Square footage sensitivity: what is the average price per gross square foot per borough? What about the standard deviation?
Neighborhood sensitivity: what are the most expensive and least expensive neighborhoods in each borough?
Neighborhood sensitivity 2: what are the most expensive and least expensive neighborhoods in each borough if we consider the per unit price? That is, we instead average the price per residential unit of a building.

Part 2 - Predicting Property Prices

Now that we have some ideas about what parameters are important, let’s fit a regression model to predict property prices. Here’s a general outline of your job:

Feature engineering & selection.
Train your model.
Explore different models and features to see what gives the best results.
Plot your results!

Feature Engineer & Feature Selection

Think about what you think would be the most informative features to train on. Additionally, you may think of some more features that may be informative to the model. Don’t simply include all features to your model, this might result in some terribly long training times. Ideally, your model shouldn’t take longer than about 30 seconds to train.
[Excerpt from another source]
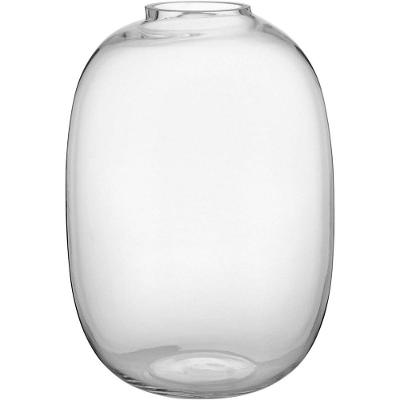 Vaso 30x20x20cm Vidro Transp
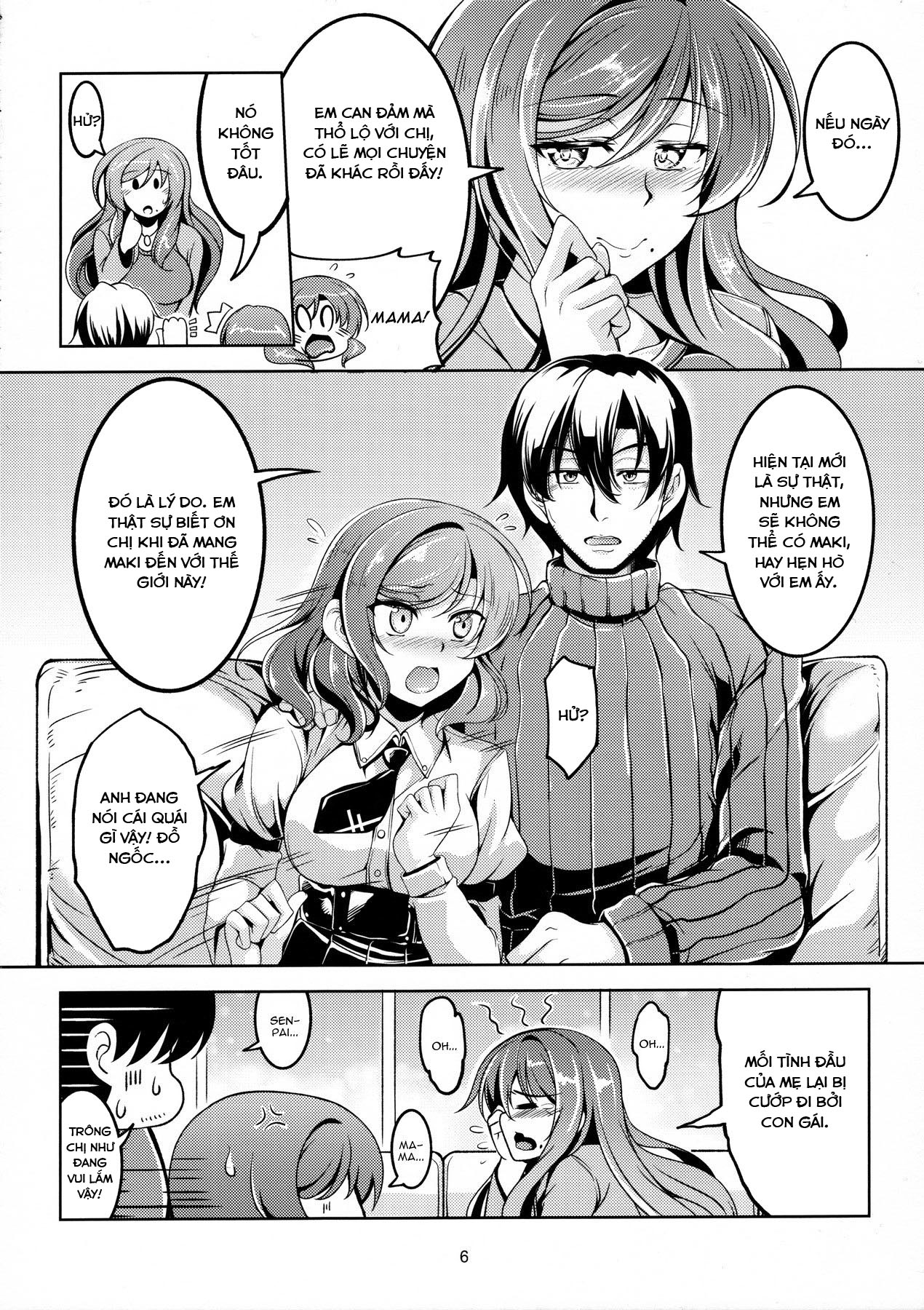 Đọc truyện hentai Koi Hime Love Maki!! 04 - Oneshot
For reference, the best model I found took only about 9 seconds to train.

A warning: don’t include any features that are derived from price! For example, if we include price_per_sqft and gross_square_feet, then our model will easily figure out the price and have basically zero error. Since our goal is to determine the price, we should only provide features that are disjoint from it.

Picking a Model

Once you’ve got an idea of which features are important, let’s train our model! You may find it useful to start with the code we used for the Titanic lab. You should be doing the following:

Slice your dataset to include the features you want.
Split your dataset into a training set and labels, and testing set and labels.
Fit the model!
Test the model to determine it’s accuracy. There are two lines commented out that you may find useful.
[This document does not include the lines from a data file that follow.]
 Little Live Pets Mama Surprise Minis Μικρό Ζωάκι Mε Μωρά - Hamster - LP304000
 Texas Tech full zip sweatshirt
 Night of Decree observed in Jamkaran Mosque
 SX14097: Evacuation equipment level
You will not be graded on how optimal the model is, simply if you’ve correctly trained one. Kudos will be given to the best tuned model :) Here’s some models that you might want to try from scikit, but feel free to use anything you want!

Some tips:

Start with as few features as possible, then slowly add more. Otherwise, your model might take too long to train! In the real world, you might actually want to do the opposite since you might have some beefy machines and more data typically means better fits.
Use a fixed random state in your models, e.g. random_state=2. This will ensure that you can compare different feature sets.
The provided lines will print out the (log of the) mean square error (MSE) and the R^2 value. In short, the lower the MSE the better, and the closer to 1 the R^2 the better. Typically, an R^2 value over 0.7 is fairly good in practice. For reference, I was able to pretty easily get an R^2 of 0.5 or so, but it took some effort to get to 0.64 or so.

Visualization

Finally, let’s visualize our predictions. Your goal is to use Matplotlib to generate a scatter plot. The x-axis should be your predicted property value and the y-axis should be the true value. Note that if our prediction was perfect, everything would simply be a point on the line y=x! In light of this, include the line defined by y=x in some other color. This way, we can visualize how far off our estimates are by seeing how far they lie from this line. Finally, add an x label, a y label, and a title to your plot.

Note, given some outliers, you probably will want to cap your graph at something like $2.5m, otherwise you probably won’t see anything meaningful. Take a look at set_xlim and set_ylim.

Extra Credit

Visualize your results in any other meaningful way using Matplotlib. Plot something other than what we already plotted!